In a season littered with frustrating, inexcusable results, Liverpool FC managed to outdo themselves one more time: and in doing so, gifted away control over their own fate, at perhaps the expense of a Champions League spot.
The manner in which Liverpool went 1-0 down was all too familiar, with a dreadful defensive error this time, courtesy of Wijnaldum. For the following twenty minutes, Liverpool looked bereft of ideas, shaken and Anfield watched on, in that routine nervousness the fans have become far too accustomed to. Somehow though, via a long ball and some tenacity by Coutinho, Liverpool managed to snatch an equaliser, and from there, most people would have expected Liverpool to kick on, and secure the vital three points.
Origi’s goal in the second half seemed perfectly timed, Liverpool were in the ascendancy, and the table, at that time, showed Liverpool tied on points with Spurs – top four felt a certainty. Yet, all it took was a simple substitution to turn the game on its head. Coutinho was removed, after reportedly feeling unwell at half-time, and Matip was brought on. Regardless of whether you believe Klopp should have left Coutinho on for longer, or brought on Sturridge instead, what the team did was certainly not what the manager envisaged. Rather than defending firmly with three centre-backs poised well to cope with Bournemouth’s limited offensive options, or keeping possession comfortably, the team did neither. They did not dominate the game like a team at home should, but instead shrunk back, like a snail into its shell.
There was a striking familiarity to it all. With the game not televised, I sat next to the television, listening to the radio commentary with my eyes closed, nervous beyond belief. Seeing out this match felt critical. And even by the 83rd minute, I still could not feel safe without the cushion of a third for Liverpool. But the glimmer of hope was there, that Liverpool would edge through, by the skin of their teeth, in a manner unbefitting of the shirt, but one that I would accept wholeheartedly nonetheless.
The Bournemouth goal was hardly surprising. But it felt crushing.
Spurs had just scored three goals in five minutes to pull away from Liverpool, whilst Arsenal had cruised to a 3-0 victory. After a weekend of favourable results for Liverpool, the advantage they had been gifted in an immensely tough and important race for the top four, Liverpool threw it away frivolously. Liverpool were on top, in the game, after scoring, but failed to seize the initiative, and for the goal itself, were given chances aplenty to clear, but still did not do so.
With the blowing of the whistle at full-time, a bitter anger returned to Liverpool fans across the world. How much of the same inexcusable tripe can the fans stomach?
This is a team that never fails to disappoint, is win-less without Sadio Mané, and lacks real character. Liverpool lack the mental resilience to take what is in front of them, believing instead that they will be given what they deserve. But the team deserves nothing more than what it already has.
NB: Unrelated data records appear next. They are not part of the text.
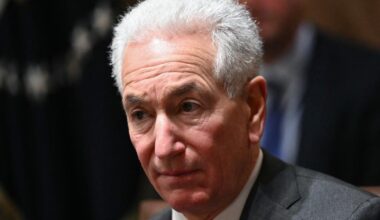 Charles Kushner envoie son chargé d’affaires pour le remplacer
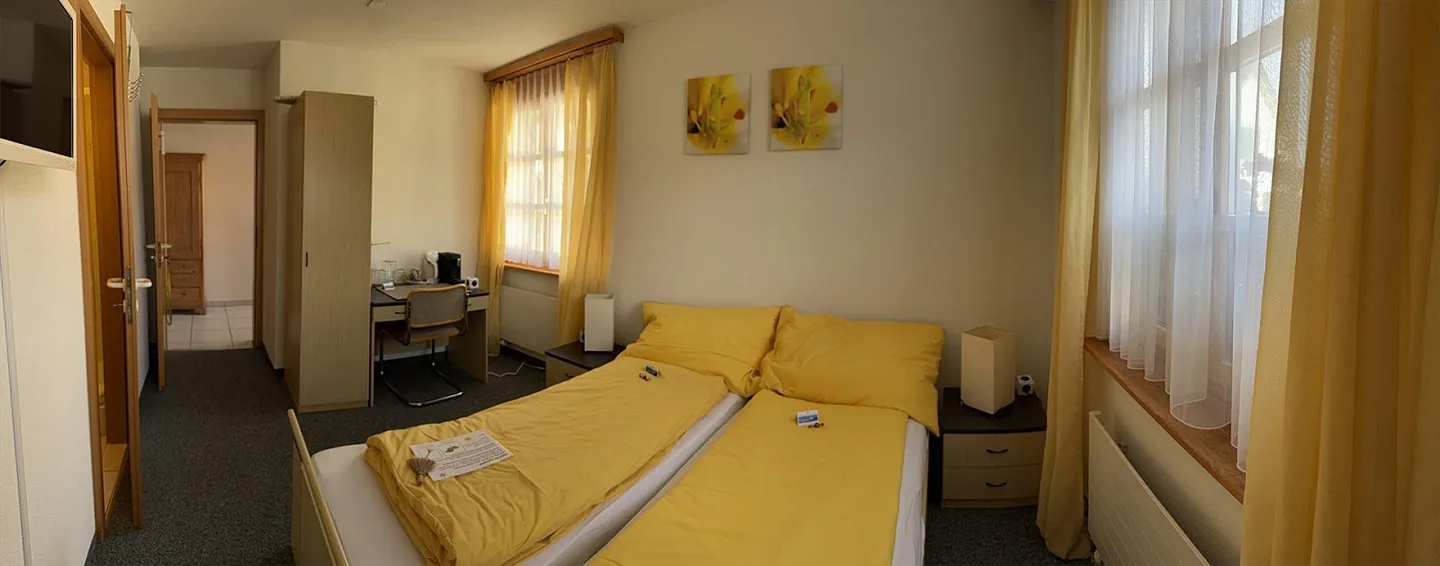 Camera mensile flessibile con servizio e bella vista - Foto 4 di 11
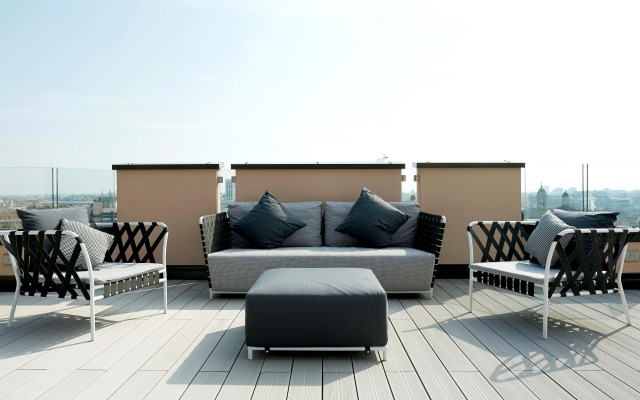 San Babila Modern Apartment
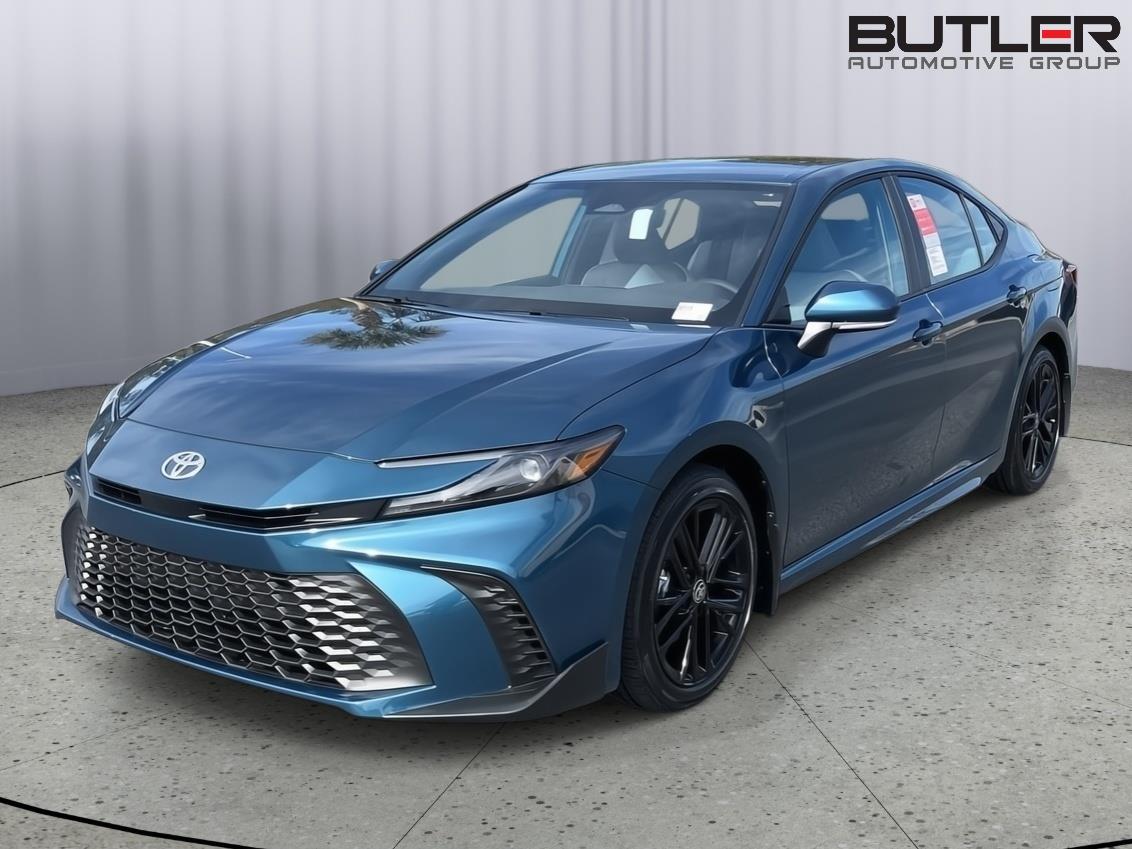 2026 Toyota Camry SE Hybrid's photo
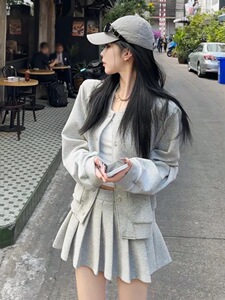 美式时尚穿搭外套一整套2024年套装女高腰百褶短裙显瘦洋气两件套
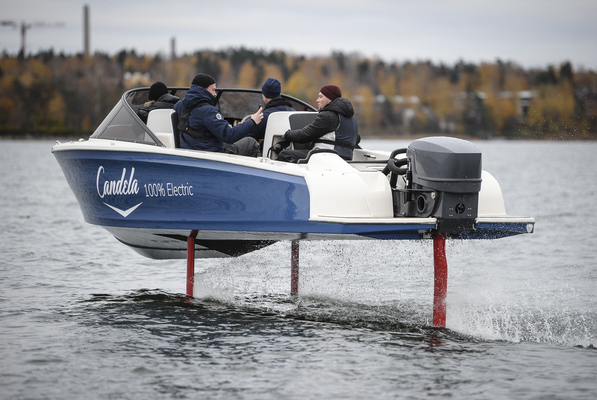 Candela Seven -sähkövene valmiina lähtöön Candela Seven -sähkövene valmiina lähtöön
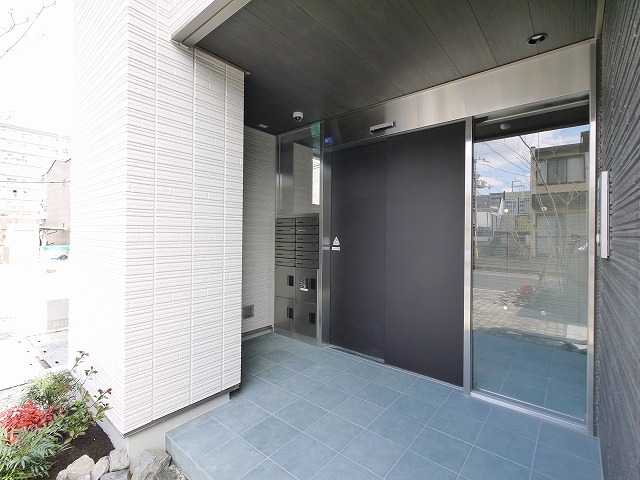 エントランス　建物の内部です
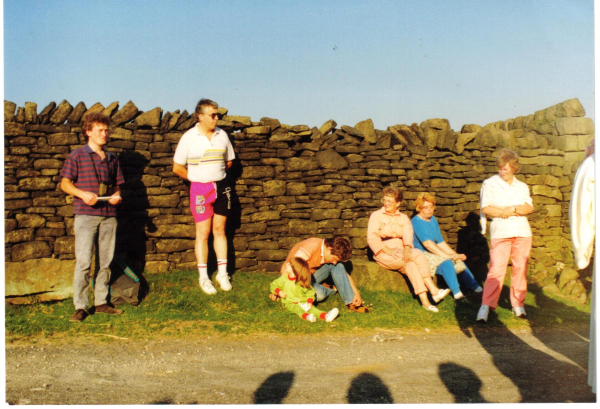 Heritage Hikers on route to Holcombe Hill
01-Ramsbottom Heritage Society-01-RHS Activities-000-General
Keywords: 1989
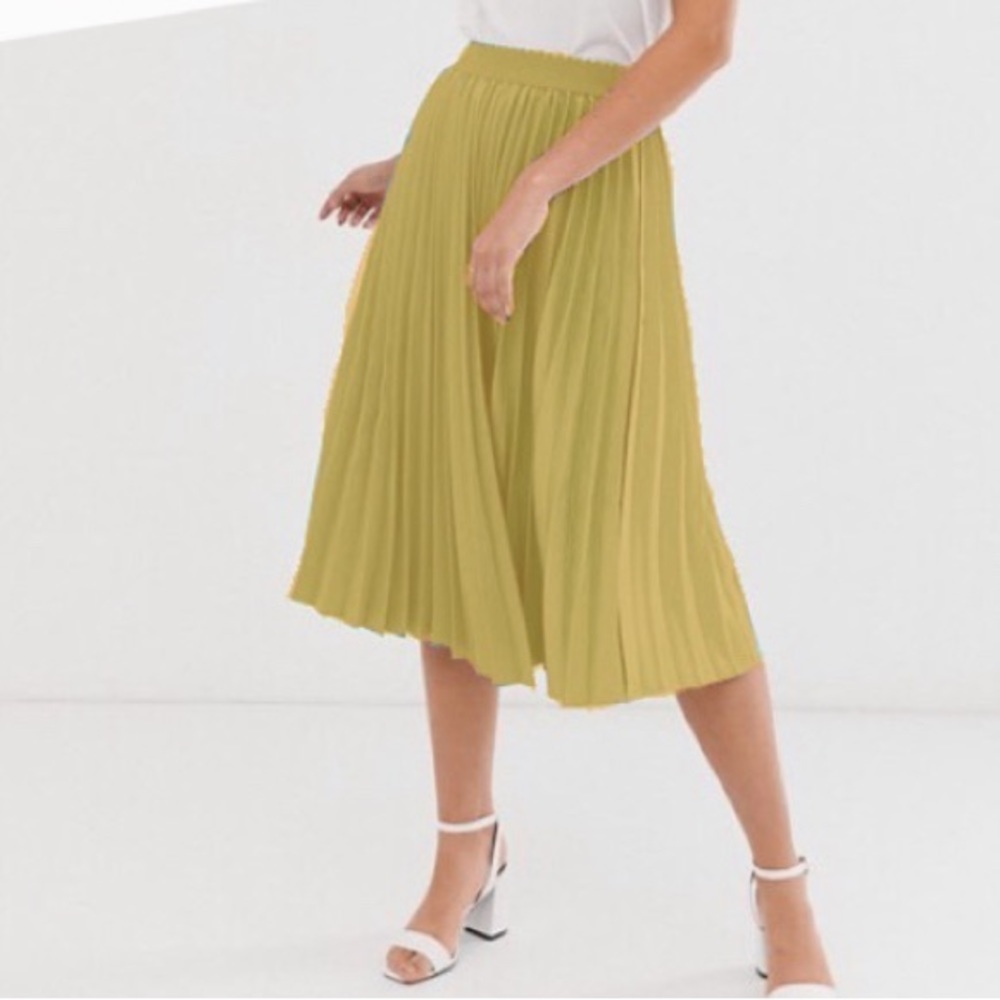 Anthropologie “Sadie and Love” pleated skirt in goldenrod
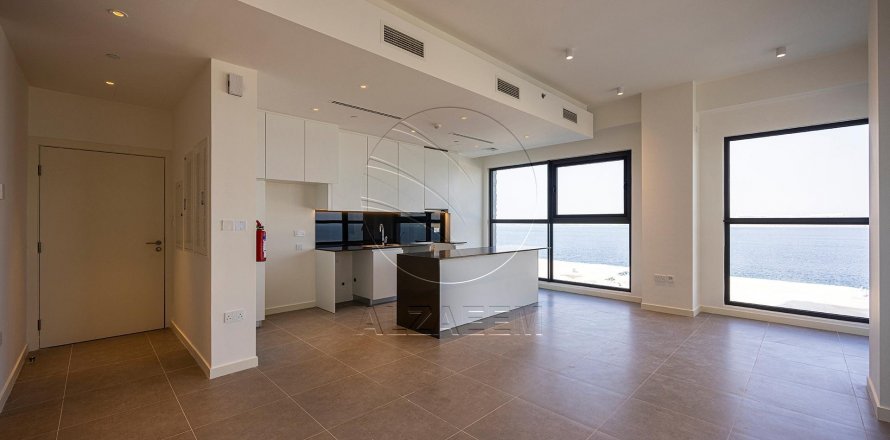 Apartment in Al Reem Island, Abu Dhabi, UAE 2 bedrooms, 117 sq.m. № 616033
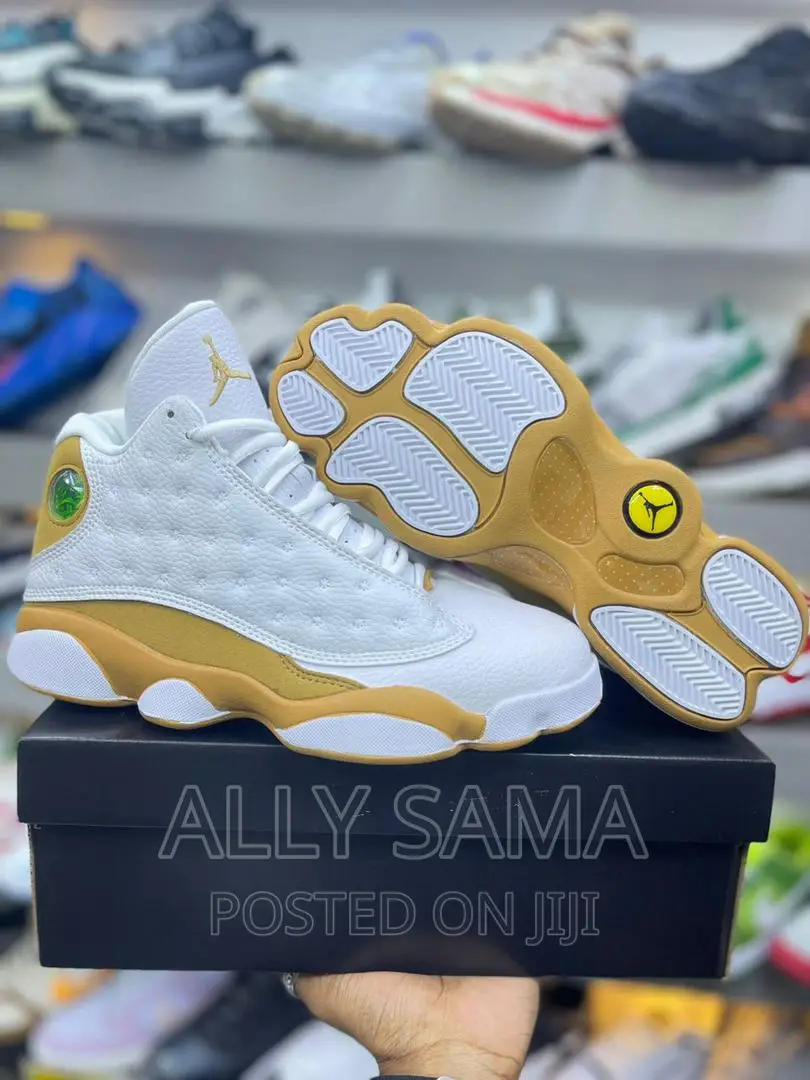 Mens Sneakers Airjordan White Gold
The team alone is to blame for its current predicament; dropping points against sides such as Bournemouth at Anfield is utterly inexcusable. Liverpool should be putting teams to the sword at home, but consistent poor performances do not belie an inescapable fact – that the team itself is composed of unintelligent, sub-standard players that fail to learn from their mistakes.
The tactics should be considered irrelevant. Klopp should be able to substitute Coutinho with Liverpool leading at home in most games. He should be able to bring on three forwards, and expect Liverpool to coast home. He should be able to fiddle with the team in any possible manner, safe in the knowledge that the team would comfortably see the game out. Yet, even with three centre-backs, the backing of the home crowd, and with the knowledge that a victory would help all of the players achieve both their, and the club’s, wider ambitions, the team managed to bottle it. Again.
N0w, Liverpool sit precisely six points clear of Arsenal, who have two games in hand, and with a goal difference inferior by a mere two goals. Simply put, should Arsenal win their two games, as they are widely expected to, Liverpool will be outside of the driving seat for the top four, and hoping for another team to bail them out of a position they are solely responsible for. Manchester City, also sit right behind Liverpool, trailing by two points and with a game in hand. The only saving grace for Liverpool is that Arsenal still have outstanding fixtures against Spurs and Manchester United to contend with. But with Liverpool’s disastrous record against low-block teams away from home, top four appears as tall an order as any.
There are no more excuses for Liverpool. Key players may be injured, but the team has enough preparation time and enough experience to successfully get through the final seven games of the season. The stakes for Liverpool are extremely high, and the players would do well to recognise that. Missing out on the top four would seriously debt any ambitions Liverpool have in the transfer market, and would likely set Liverpool even further back behind its rivals. For Klopp and the team, the pressure is well and truly on, and the margins are slimmer than ever.